Ashish Baran Misra

21  Artworks



by ashish baran misra
Born in 1951 in Dehradun, Ashish Baran Misra’s early childhood was spent at his maternal grandmother’s place in the then small town of Lakhimpur Kehri. His formative years were spent living a feudal sort of a lifestyle observing his Grandmother, who would make religious murals and motifs with natural materials. His father was a teacher in DAV college, Dehradun, his mother also a teacher at Welhams school and PG College, Mussoorie. Though he came from a family of teachers, he was not as interested in studying as he was in following his more artistic and creative pursuits. As a young boy he participated and was appreciated in various small exhibitions and competitions organised by local Dehradun clubs, like the Rotary and Lion’s club. After finishing his MA from DAV college, he spent two years under the guidance of Mr. Dwigen Sen of Kala kendra. He was influenced by Mr. A B Verma, Professor Ranvir Saxena, and Dr.

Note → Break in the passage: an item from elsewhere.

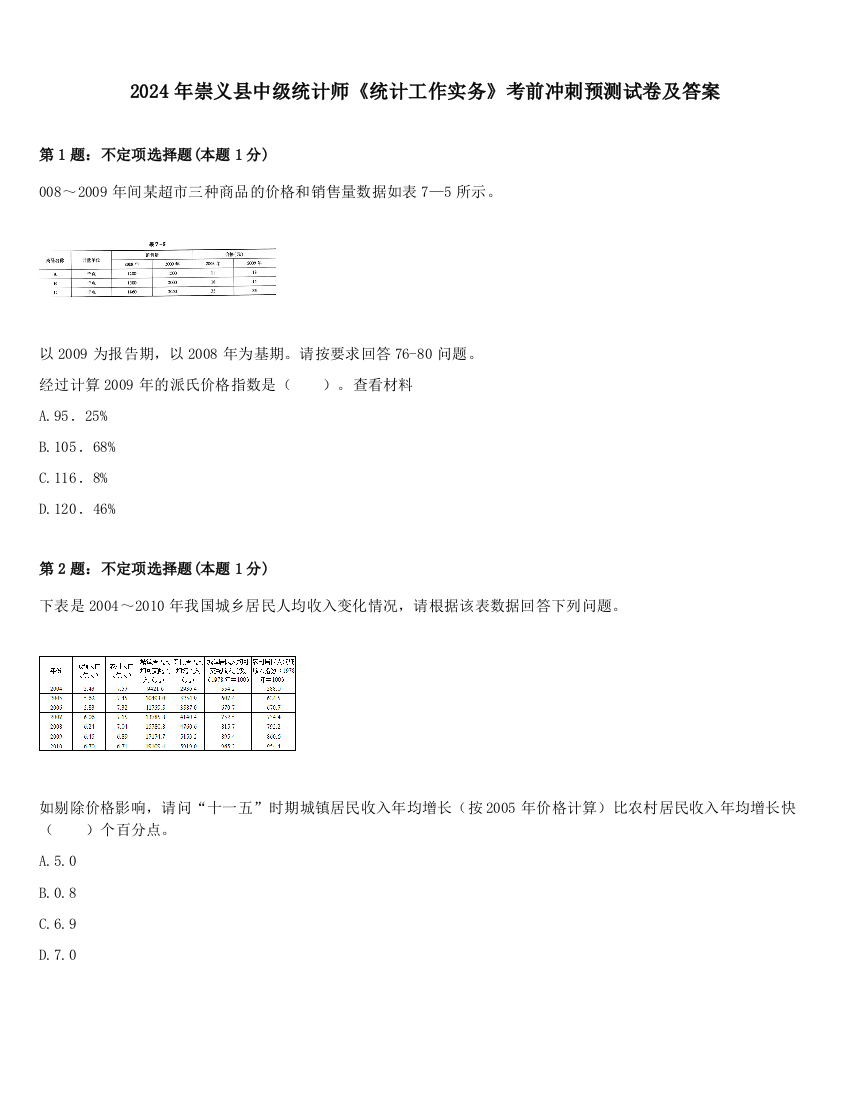 2024年崇义县中级统计师《统计工作实务》考前冲刺预测试卷及答案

Sarla Raman, who would inform him about european painting tradition. In 1974 he began his four decade long teaching career in Wynberg Allen school, Mussoorie, which he realised was the ideal place for him. He discovered his real potential as an artist teaching and learning from his students. He helped them reach their artistic expression by encouraging them to paint out of both their roots and their interests. He was appreciated for the endeavours he undertook in the school, like establishment of the Museum, amongst many other things. Though he retired in 2013, his heart is still there and he values the time spent with young students, which is a source of great joy, happiness and satisfaction to him. He learnt his art from many different sources, from simple everyday folk, to the work of other artists. He painted only for the sheer joy of painting and never held any major exhibitions. He lives in Dehradun with his wife, Mrs. Usha Misra. He collects objects of aesthetic value and is deeply fond of music, especially hymns. He has done several book illustrations and some magazine covers for Uttar Pradesh government for the information department. He exhibits his work every year at Kala Kendra, Dehradun with other old and new students. Though he never sold his work, some of his work is in private collections in Australia, New Zealand, England, USA, and India(Kerala, Pune). Lately he has been writing stories for his grandson, Kavir, who is also a source of joy and inspiration to him.